In Downtown Ladies by Gina A. Ulysse, she sets up the basic subject matter of her book, which also served as her dissertation topic for her Ph. D. in anthropology, but not before taking care to set up both the historical context of Jamaica as her "field" and the social context of the meaning of race/color, gender, and class as well as her personal context of being a "regional native, local outsider" as a Haitian feminist anthropologist. Ulysse's establishment of these contexts serve to debunk the oppressive, mythical notion of objectivity often ascribed to white male academicians.
Ulysse chooses as her dissertation topic and subject matter for this book the imaginings versus realities of informal commercial importers, or ICIs, and the various ways they are perceived as extensions of stereotypical notions of higglers and market women as juxtaposed to the reality of their existence. In Chapter One, she gives historical context to notions of ladies and women, showing how they are dichotomized against each other, and the race and class codes that interweave the dichotomy. In reference to the Cult of True Womanhood, aka the Cult of Domesticity, Ulysse argues "it is not womanhood per se that black females were denied by the Cult....Rather, they were specifically shorn of what we have come to regard as femininity, that is the desexualized demeanor that females (who are not ladies) must mindfully cultivate in the moment to restrain their purported natural instincts." (26). Ulysse continually references the woman/lady dichotomy in her book, bringing in notions of class and race/color. In the dichotomy sense, white women are automatically ladies, whereas black women are not given the assumption and must prove themselves worthy of the title. Poor and working class women are not ladies, especially as they need to provide economic support for themselves that may not challenge, and even reaffirm, the womanhood but denies their ability to be ladies. This directly influences the role of ICIs, as they are taking economic control of their lives through the trade. Perhaps in titling the book Downtown Ladies, Ulysse seeks to challenge woman/lady dichotomy by reaffirming femininity of the women.
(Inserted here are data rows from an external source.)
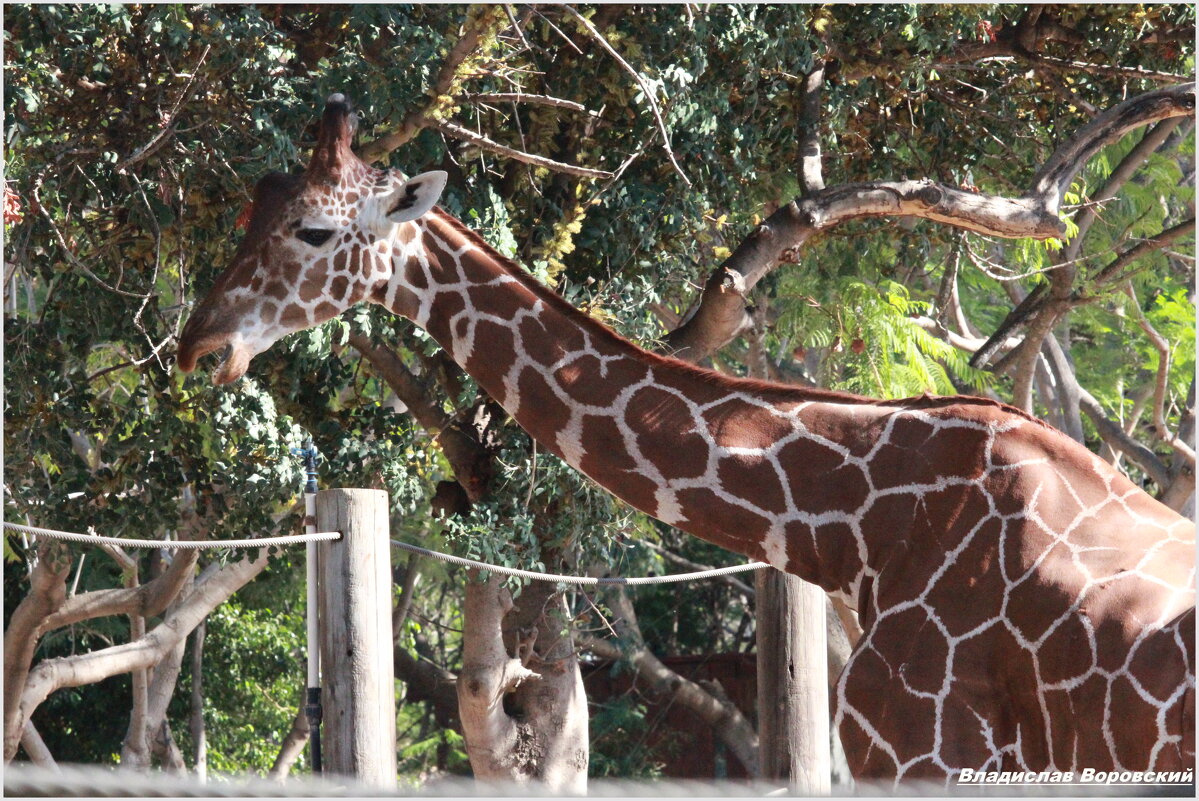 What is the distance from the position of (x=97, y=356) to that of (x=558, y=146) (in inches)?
152

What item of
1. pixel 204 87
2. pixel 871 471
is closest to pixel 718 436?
pixel 871 471

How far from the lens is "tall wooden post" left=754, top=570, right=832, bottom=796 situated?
18.4 feet

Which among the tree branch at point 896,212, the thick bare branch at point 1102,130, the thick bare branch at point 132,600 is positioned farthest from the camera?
the thick bare branch at point 132,600

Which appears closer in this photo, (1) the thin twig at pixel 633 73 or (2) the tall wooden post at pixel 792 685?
(2) the tall wooden post at pixel 792 685

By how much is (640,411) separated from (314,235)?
1357mm

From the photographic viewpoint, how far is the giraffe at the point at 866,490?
403 cm

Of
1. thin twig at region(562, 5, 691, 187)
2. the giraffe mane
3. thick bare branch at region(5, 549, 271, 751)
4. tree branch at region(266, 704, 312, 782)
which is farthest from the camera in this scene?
tree branch at region(266, 704, 312, 782)

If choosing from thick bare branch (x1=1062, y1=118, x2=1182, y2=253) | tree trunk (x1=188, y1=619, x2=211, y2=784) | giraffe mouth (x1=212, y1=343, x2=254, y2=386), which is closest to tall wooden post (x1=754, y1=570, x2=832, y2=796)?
giraffe mouth (x1=212, y1=343, x2=254, y2=386)

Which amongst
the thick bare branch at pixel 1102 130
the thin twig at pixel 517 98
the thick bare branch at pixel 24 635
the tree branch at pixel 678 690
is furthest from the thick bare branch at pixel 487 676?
the tree branch at pixel 678 690

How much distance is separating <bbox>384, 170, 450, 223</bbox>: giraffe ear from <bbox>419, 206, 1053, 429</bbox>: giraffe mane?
25 centimetres

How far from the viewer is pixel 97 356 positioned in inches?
359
The perceptions of ICIs descends from perceptions of the market woman and the higgler. In Chapter Two, Ulysse provides historiography that lays the context for her research and field study. From the time of slavery, attempts and successes at economic independence have been part of the Jamaican story, including Jamaican women. With these attempts and successes also comes regulation from government authority, imposing gender as well as race/color control on an economic activity that affects class, from the time of market women, to higglers, to ICIs. "While on the one hand governments profess the well-meaning intent of their policies, on the other hand their actual effects only further impinge upon and constrict the lives of the poor resulting in greater socioeconomic instability. (87)." This reality will be reflected in some ICIs personal decisions to be registered or unregistered as well as visible or invisible, both in regards to government regulation and negative connotations associated with being an ICI.
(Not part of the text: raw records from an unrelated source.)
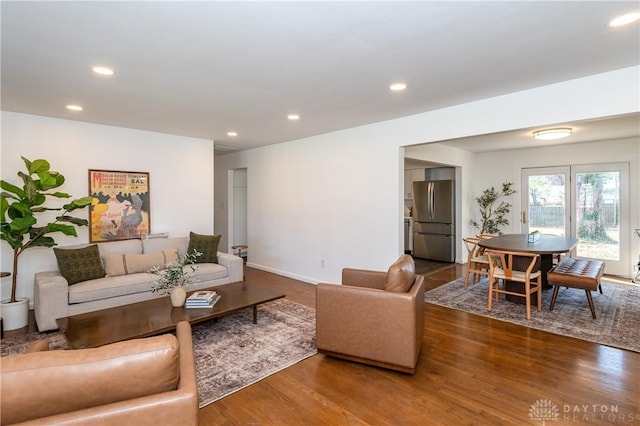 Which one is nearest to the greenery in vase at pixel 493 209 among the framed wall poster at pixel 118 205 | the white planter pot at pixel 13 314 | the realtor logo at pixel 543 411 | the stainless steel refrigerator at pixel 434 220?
the stainless steel refrigerator at pixel 434 220

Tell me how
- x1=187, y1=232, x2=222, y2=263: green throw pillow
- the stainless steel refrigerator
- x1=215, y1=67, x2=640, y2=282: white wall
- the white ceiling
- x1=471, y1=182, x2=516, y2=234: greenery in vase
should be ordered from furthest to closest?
1. the stainless steel refrigerator
2. x1=471, y1=182, x2=516, y2=234: greenery in vase
3. x1=187, y1=232, x2=222, y2=263: green throw pillow
4. x1=215, y1=67, x2=640, y2=282: white wall
5. the white ceiling

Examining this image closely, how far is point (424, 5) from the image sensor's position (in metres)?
1.86

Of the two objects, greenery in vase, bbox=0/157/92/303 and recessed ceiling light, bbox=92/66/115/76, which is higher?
recessed ceiling light, bbox=92/66/115/76

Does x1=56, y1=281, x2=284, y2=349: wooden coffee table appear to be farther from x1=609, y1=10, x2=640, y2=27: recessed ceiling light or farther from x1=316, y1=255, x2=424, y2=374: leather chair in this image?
x1=609, y1=10, x2=640, y2=27: recessed ceiling light

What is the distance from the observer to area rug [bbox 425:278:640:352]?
10.9ft

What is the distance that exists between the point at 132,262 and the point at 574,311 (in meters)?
5.61

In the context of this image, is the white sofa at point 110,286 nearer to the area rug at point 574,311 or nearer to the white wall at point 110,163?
the white wall at point 110,163

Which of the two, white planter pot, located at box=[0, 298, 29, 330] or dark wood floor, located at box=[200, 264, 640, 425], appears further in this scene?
white planter pot, located at box=[0, 298, 29, 330]

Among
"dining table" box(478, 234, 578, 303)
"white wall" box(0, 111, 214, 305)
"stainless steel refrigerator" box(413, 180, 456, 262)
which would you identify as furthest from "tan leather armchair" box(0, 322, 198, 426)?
"stainless steel refrigerator" box(413, 180, 456, 262)

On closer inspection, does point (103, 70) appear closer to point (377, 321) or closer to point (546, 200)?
point (377, 321)

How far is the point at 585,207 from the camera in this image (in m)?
6.21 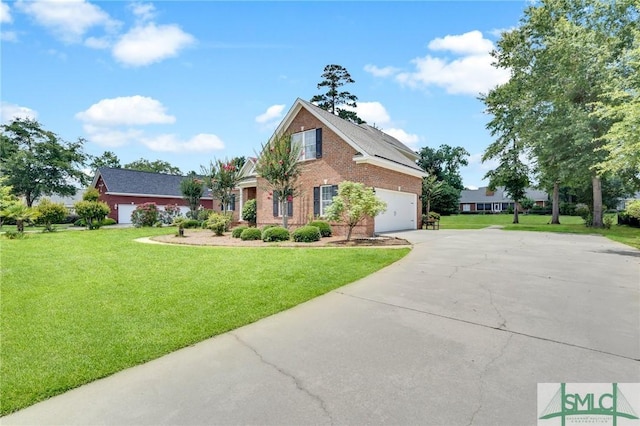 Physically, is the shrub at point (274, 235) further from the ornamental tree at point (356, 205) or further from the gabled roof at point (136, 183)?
the gabled roof at point (136, 183)

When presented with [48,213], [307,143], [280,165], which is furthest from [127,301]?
[48,213]

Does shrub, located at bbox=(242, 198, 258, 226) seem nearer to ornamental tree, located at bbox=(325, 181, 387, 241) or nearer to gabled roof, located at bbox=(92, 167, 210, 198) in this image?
ornamental tree, located at bbox=(325, 181, 387, 241)

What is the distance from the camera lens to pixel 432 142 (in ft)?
154

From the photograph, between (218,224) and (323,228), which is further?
(218,224)

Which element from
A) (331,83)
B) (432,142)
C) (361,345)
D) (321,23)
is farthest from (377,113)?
(361,345)

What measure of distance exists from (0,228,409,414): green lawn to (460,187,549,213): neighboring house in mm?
55458

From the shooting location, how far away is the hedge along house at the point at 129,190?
111 ft

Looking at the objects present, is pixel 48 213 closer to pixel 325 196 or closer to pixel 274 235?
pixel 274 235

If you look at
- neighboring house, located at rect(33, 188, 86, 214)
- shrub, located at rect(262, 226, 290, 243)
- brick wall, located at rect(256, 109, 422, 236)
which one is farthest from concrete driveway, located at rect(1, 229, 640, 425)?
neighboring house, located at rect(33, 188, 86, 214)

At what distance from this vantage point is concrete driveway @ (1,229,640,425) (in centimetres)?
251

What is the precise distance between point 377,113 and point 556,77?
76.5 ft

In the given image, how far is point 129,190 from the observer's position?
34969 millimetres

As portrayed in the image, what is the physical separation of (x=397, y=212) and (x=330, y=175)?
4836 mm

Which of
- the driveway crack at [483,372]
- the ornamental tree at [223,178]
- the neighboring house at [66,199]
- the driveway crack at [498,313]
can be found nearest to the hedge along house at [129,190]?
the neighboring house at [66,199] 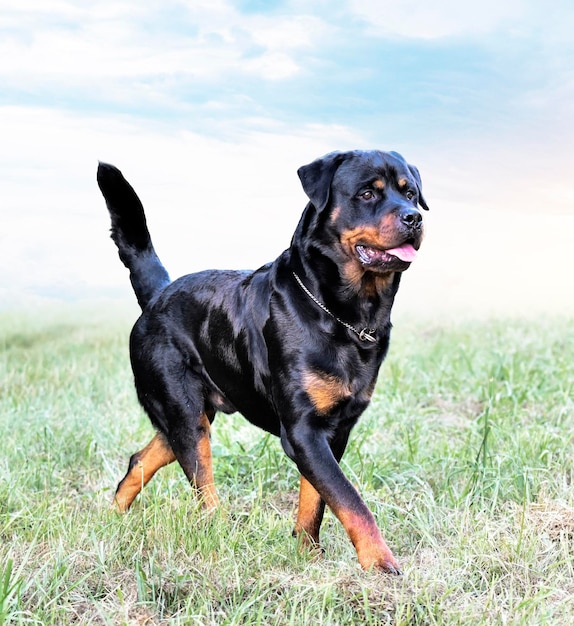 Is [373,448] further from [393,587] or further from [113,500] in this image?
[393,587]

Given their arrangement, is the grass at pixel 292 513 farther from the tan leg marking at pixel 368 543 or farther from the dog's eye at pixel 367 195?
the dog's eye at pixel 367 195

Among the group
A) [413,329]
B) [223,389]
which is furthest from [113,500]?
[413,329]

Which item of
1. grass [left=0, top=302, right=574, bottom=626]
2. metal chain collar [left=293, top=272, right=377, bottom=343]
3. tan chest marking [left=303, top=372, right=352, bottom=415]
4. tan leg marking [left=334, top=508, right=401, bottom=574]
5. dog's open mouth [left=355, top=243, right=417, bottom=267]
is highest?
dog's open mouth [left=355, top=243, right=417, bottom=267]

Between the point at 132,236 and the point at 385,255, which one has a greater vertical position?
the point at 385,255

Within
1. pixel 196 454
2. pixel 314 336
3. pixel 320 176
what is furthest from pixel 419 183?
pixel 196 454

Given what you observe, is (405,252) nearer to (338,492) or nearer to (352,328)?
(352,328)

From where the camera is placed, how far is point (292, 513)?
4145mm

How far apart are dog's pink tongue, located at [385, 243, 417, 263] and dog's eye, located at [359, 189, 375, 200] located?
0.87ft

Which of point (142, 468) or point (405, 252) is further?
point (142, 468)

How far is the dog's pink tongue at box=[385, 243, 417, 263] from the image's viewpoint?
3.52 meters

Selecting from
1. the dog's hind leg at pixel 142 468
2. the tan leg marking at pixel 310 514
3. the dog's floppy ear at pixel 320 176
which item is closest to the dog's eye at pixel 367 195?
the dog's floppy ear at pixel 320 176

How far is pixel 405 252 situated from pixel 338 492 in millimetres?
1007

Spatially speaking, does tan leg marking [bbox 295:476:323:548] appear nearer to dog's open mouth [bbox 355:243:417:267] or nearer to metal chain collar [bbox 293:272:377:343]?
metal chain collar [bbox 293:272:377:343]

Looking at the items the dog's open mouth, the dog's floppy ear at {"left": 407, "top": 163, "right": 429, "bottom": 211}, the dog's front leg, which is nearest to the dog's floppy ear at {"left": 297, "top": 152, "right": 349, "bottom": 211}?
the dog's open mouth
In Chapter Three, Ulysse takes care to create what she calls an "auto-ethnograhic quilt" that situates her role as Black feminist anthropologist and Haitian expatriate, a "regional native, local outsider." This role affects both the perceptions of her at her graduate school as well as the perception of her in the field as Black feminist anthropologist. Her auto-ethnographic quilt lays foundation for explanation of her methods, from how she is perceived because of her title as anthropologist, to how she is perceived for her style of dress and hairstyle as accessories to her dark skin. While on the one hand, her positioning of her person can be seen as necessary because of her gender and race, as expected of her in a white-male dominant academy and consequently disempowering, her positioning of herself is also empowering as she challenges the myth of objectivity. The privilege of objectivity is afforded to white researches, especially male, in a way that affects the ability to research and have taken seriously the research of female academicians and academicians of color. When not positioning the researcher, those who are studied are treated as less human with the inability to perceive difference among those who question them and write about them.
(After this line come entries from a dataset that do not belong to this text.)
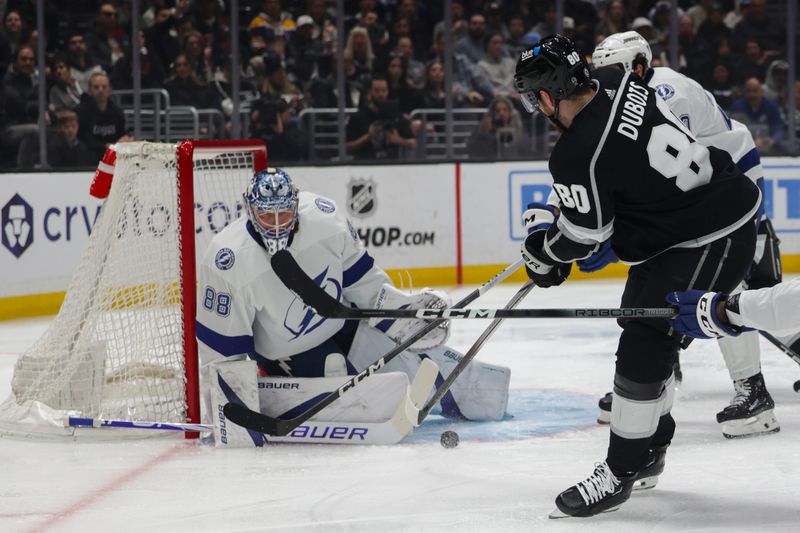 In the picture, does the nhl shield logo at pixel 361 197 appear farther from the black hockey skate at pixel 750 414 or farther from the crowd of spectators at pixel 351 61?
the black hockey skate at pixel 750 414

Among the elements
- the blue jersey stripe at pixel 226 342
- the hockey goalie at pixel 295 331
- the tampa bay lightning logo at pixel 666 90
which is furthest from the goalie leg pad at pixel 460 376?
the tampa bay lightning logo at pixel 666 90

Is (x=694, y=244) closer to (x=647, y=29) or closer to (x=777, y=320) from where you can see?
(x=777, y=320)

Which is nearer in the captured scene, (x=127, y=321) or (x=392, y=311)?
(x=392, y=311)

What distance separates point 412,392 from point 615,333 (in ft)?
7.37

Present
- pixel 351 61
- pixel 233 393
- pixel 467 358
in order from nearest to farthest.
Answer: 1. pixel 467 358
2. pixel 233 393
3. pixel 351 61

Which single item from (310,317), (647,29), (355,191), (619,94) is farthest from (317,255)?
(647,29)

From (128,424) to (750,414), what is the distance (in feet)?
5.98

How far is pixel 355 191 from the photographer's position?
691 cm

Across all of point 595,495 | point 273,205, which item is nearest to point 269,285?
point 273,205

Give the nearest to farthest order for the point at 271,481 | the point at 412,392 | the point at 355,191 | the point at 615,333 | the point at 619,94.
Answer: the point at 619,94 → the point at 271,481 → the point at 412,392 → the point at 615,333 → the point at 355,191

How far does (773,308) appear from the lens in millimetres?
2254

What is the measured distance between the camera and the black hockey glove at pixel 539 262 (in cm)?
272

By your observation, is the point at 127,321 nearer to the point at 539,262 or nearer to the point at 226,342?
the point at 226,342

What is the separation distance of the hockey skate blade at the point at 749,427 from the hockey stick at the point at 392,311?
85 centimetres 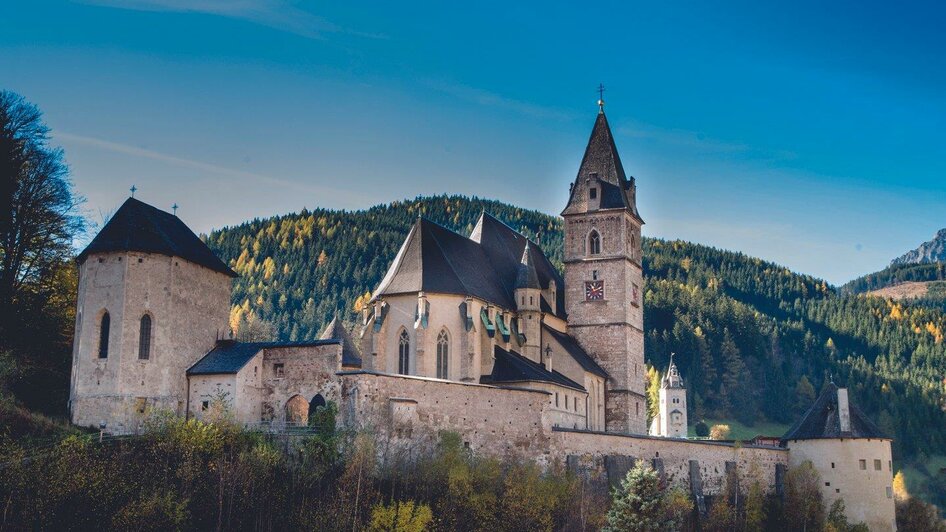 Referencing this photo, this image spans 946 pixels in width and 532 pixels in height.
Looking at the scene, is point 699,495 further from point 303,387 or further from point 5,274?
point 5,274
With these historical, social, and personal contexts in place, by Chapter Four, Ulysse has set a thorough foundation for the interpretation and understanding of her research of ICIs in Jamaica. Her methods are worthy of noting as effective in introducing her research, so that by the time she situates her profiles of the ICIs, both formal and informal, visible and invisible, the reader of her work is better equipped at understanding how gender, race/color, and class interweave in the studies of this Haitian anthropologist. Everything has relevance, and Ulysse lays out the relevance in her positioning of the field research.
Greater appreciation for this research can be experienced when the scholarship of Violet Eudine Barriteau is considered. Her essay "The relevance of Black feminist scholarship: A Caribbean Perspective" seeks to start a conversation about the effectiveness of Black feminist thought to theorize across nationalities and races (9), including the Caribbean. Black feminist thought, lacking in white male researcher privilege, can be pigeon-holed into relevant only to Black women and women of color, but Barriteau shows that it serves to bring in the relevance of various differences, since "white or other feminist theorising that refuses or fails to recognise race [and other differences] as a relation of domination withing feminism and society facilitates the continued oppression of black women [and other oppressed women] withing the feminist movement and withing society. (15)" Positioning of historiography and self must be increasingly demanded to ensure collective liberation, as showcased by Ulysse and promoted by Barriteau.